Security groups for enterprise geodatabases
If you choose to have enterprise geodatabases on a separate instance from your ArcGIS Server instance, You can configure a security group specifically for your enterprise geodatabase instance that allows the following:
- TCP access through port 22 (Linux) for your IP address or a range of approved IP addresses within your organization You need to remotely connect to your machine at least once to change the PostgreSQL default passwords. After that, you can remove this remote access rule from the security group if you want.
- RDP access through port 3389 (Windows) You can add this rule if you need to remotely connect to your Microsoft SQL Server or SQL Server Express instance—for example, to add users or additional geodatabases—then remove it when you finish.
- Access from machines in your ArcGIS Server security group This allows your instances running ArcGIS Server to access your enterprise geodatabase instance. If machines not participating in your security groups need to connect to your geodatabase, you need to explicitly open port 5432 to allow communication with PostgreSQL, or port 1433 to communicate with SQL Server.
Commonly used ports
Following are some of the most common ports you may work with as you create security groups.

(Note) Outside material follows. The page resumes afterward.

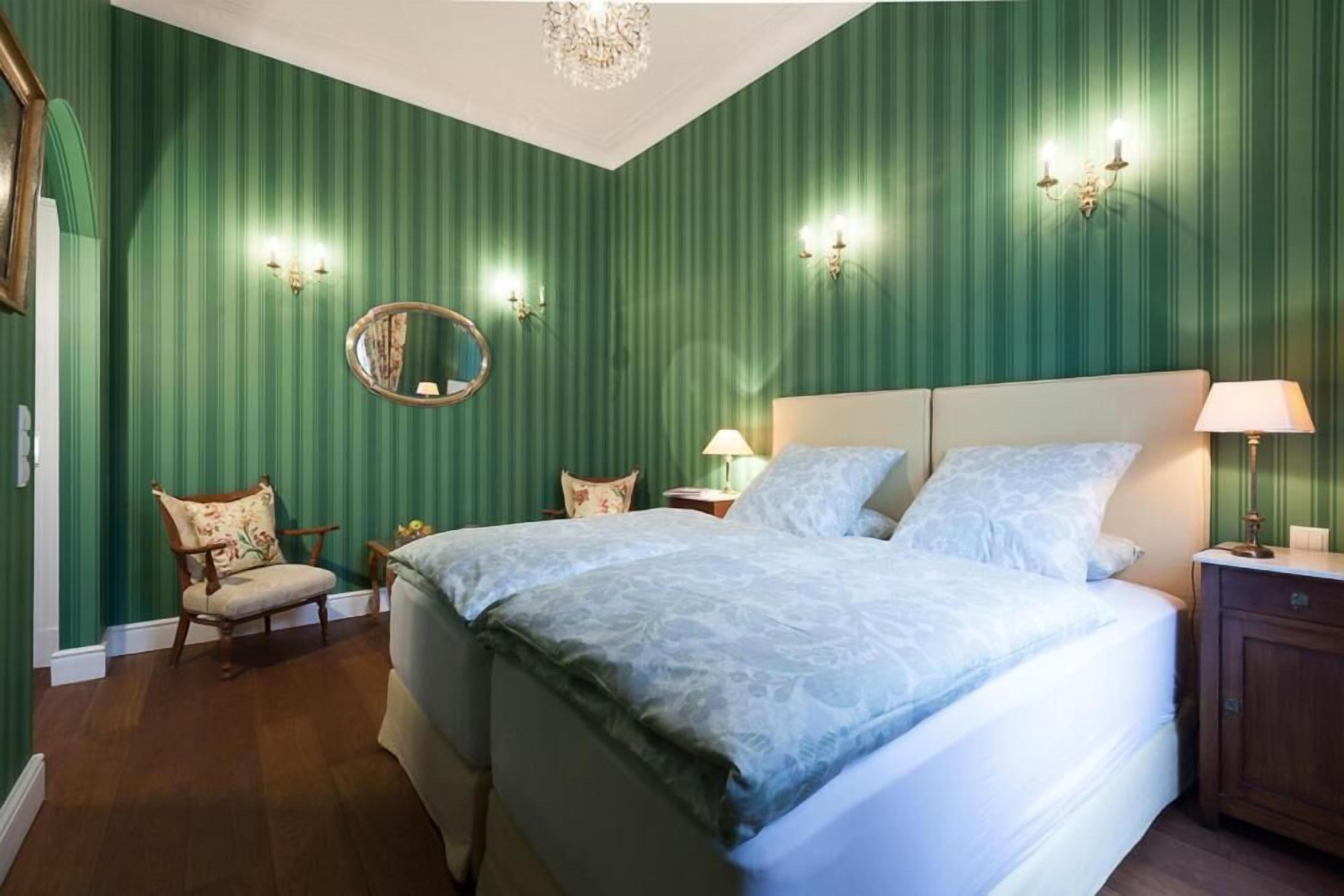 A bedroom with a large bed, a chair, a nightstand, and a dresser.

Some of these ports you may not need to explicitly open; rather, you may just decide to give machines within your security group full access to each other. If you want to allow access from machines not participating in your security groups (for example, your desktop workstation in your office), you need to open specific port numbers.
HTTP access to IIS web server or load balancer
HTTPS access to IIS web server or load balancer
Windows file sharing
Connections to Microsoft SQL Server
Connections to Windows Remote Desktop
Connections to PostgreSQL
HTTP access to ArcGIS Server
HTTPS access to ArcGIS Server
HTTPS access to Portal for ArcGIS
ArcGIS Data Store communication
Windows Firewall is enabled on any Windows instance that you launch using the Esri-provided AMIs. If you install a third-party application that requires ports other than those listed above, ensure that Windows Firewall is also configured to allow the port.